Top of Data provided

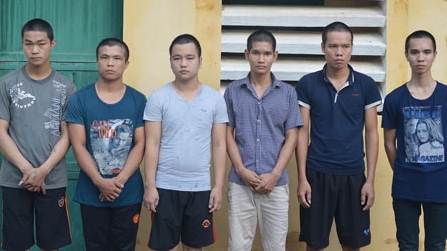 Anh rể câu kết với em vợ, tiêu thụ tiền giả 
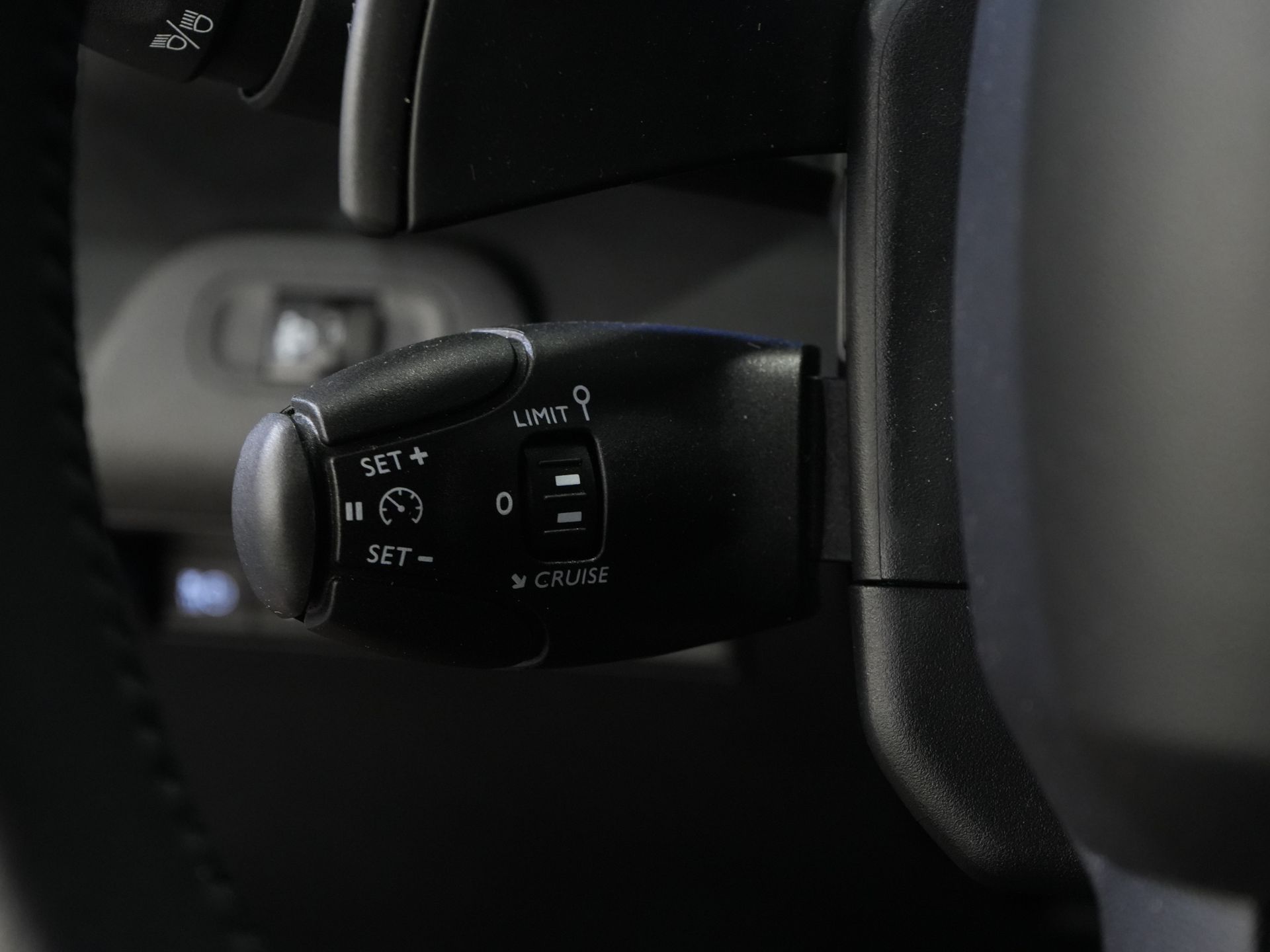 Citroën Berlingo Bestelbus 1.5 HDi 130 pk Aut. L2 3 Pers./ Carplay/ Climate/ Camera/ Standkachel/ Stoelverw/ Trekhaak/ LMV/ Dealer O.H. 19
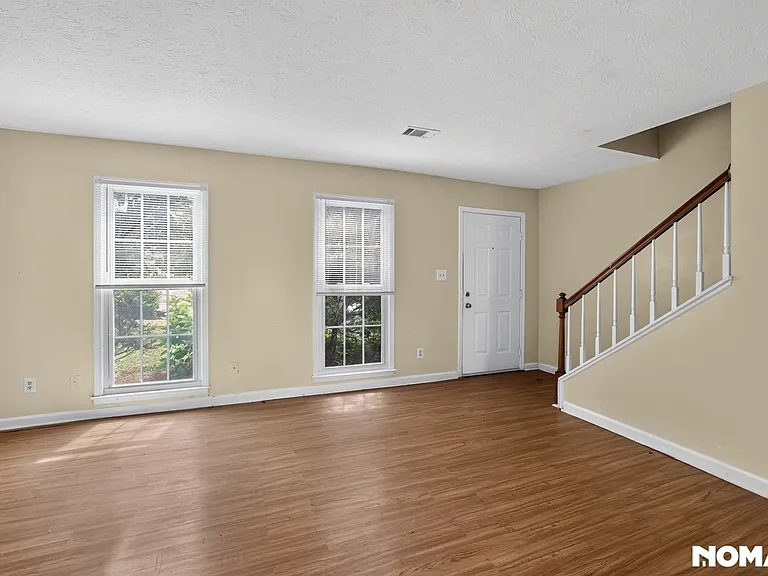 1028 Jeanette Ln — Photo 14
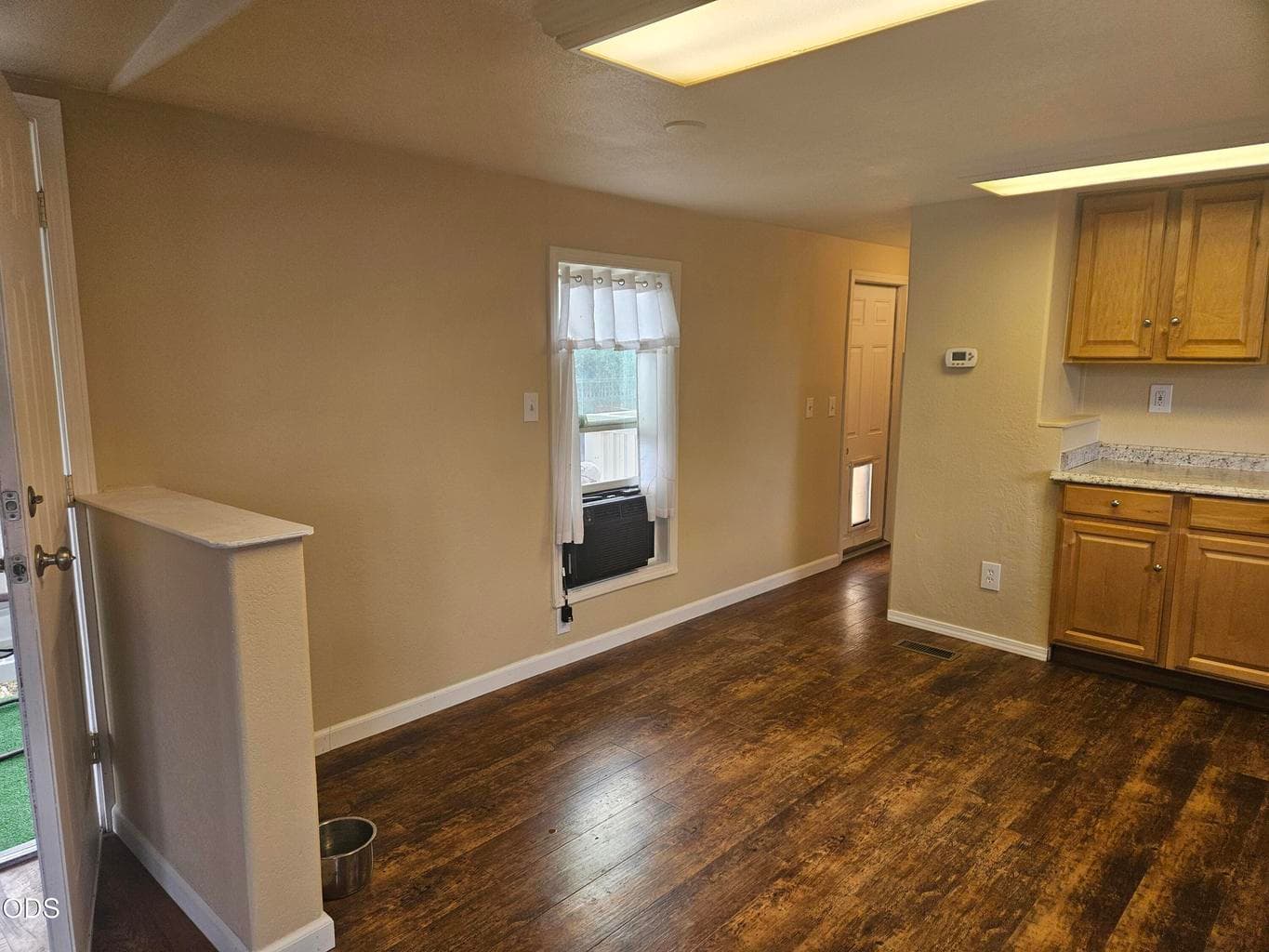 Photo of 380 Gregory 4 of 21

Bottom of Data provided

• [Exercise objective]
Transcribe the full listing above exactly as it stands, minus the pictures.

• [Solution]
 Anh rể câu kết với em vợ, tiêu thụ tiền giả 
 Citroën Berlingo Bestelbus 1.5 HDi 130 pk Aut. L2 3 Pers./ Carplay/ Climate/ Camera/ Standkachel/ Stoelverw/ Trekhaak/ LMV/ Dealer O.H. 19
 1028 Jeanette Ln — Photo 14
 Photo of 380 Gregory 4 of 21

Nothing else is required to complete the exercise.